▶ _INFORMATION SHOWN_:
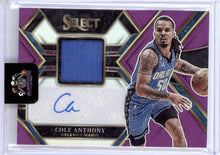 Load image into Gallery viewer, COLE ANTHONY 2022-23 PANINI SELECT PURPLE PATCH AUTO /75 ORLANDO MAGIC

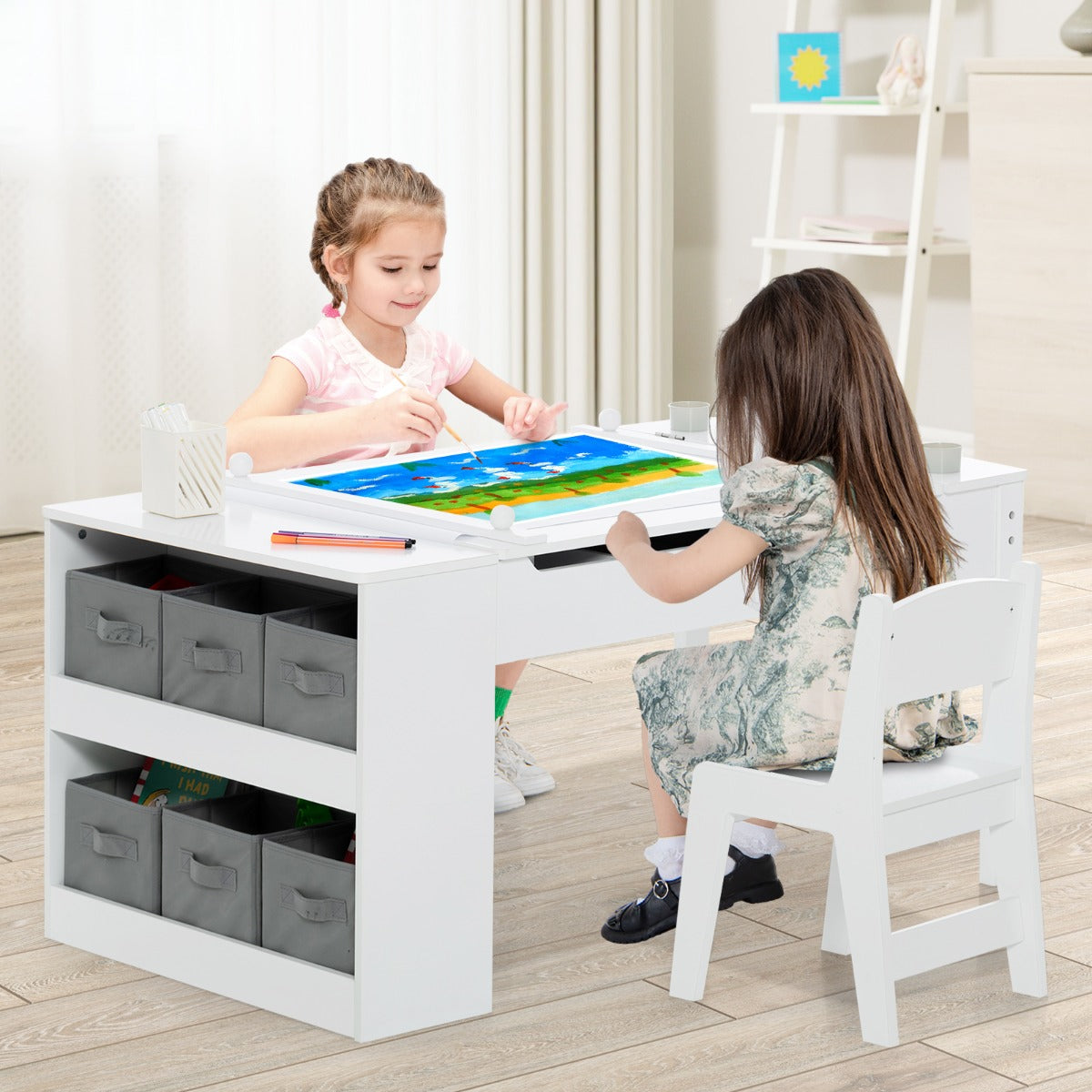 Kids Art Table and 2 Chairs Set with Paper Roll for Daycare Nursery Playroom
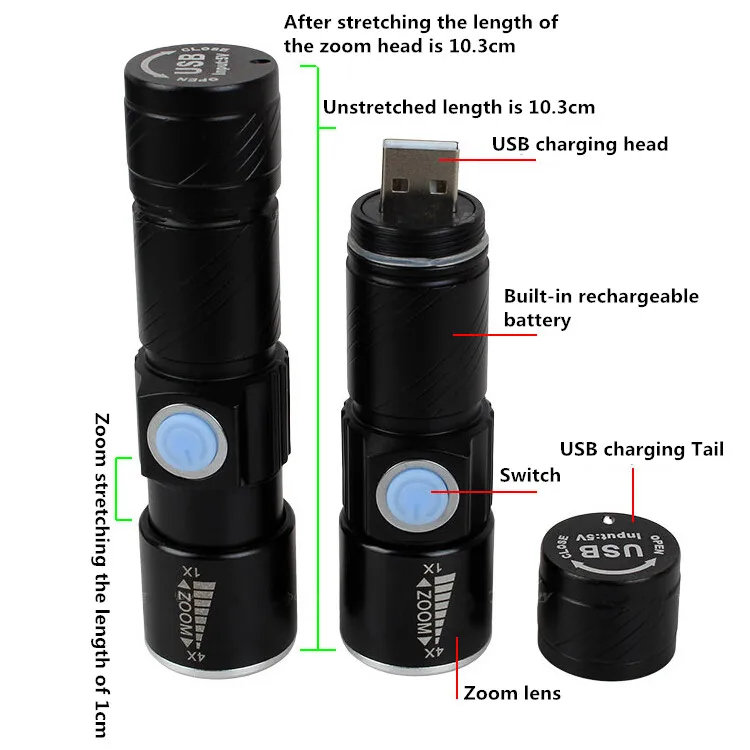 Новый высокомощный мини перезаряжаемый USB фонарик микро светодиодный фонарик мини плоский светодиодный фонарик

▶ _EXERCISE GOAL_:
What you give back should be exactly the lines from the top of the data above down to and including the line with "Kids Art Table", minus any pictures.

▶ _TASK RESULT_:
 Load image into Gallery viewer, COLE ANTHONY 2022-23 PANINI SELECT PURPLE PATCH AUTO /75 ORLANDO MAGIC

 Kids Art Table and 2 Chairs Set with Paper Roll for Daycare Nursery Playroom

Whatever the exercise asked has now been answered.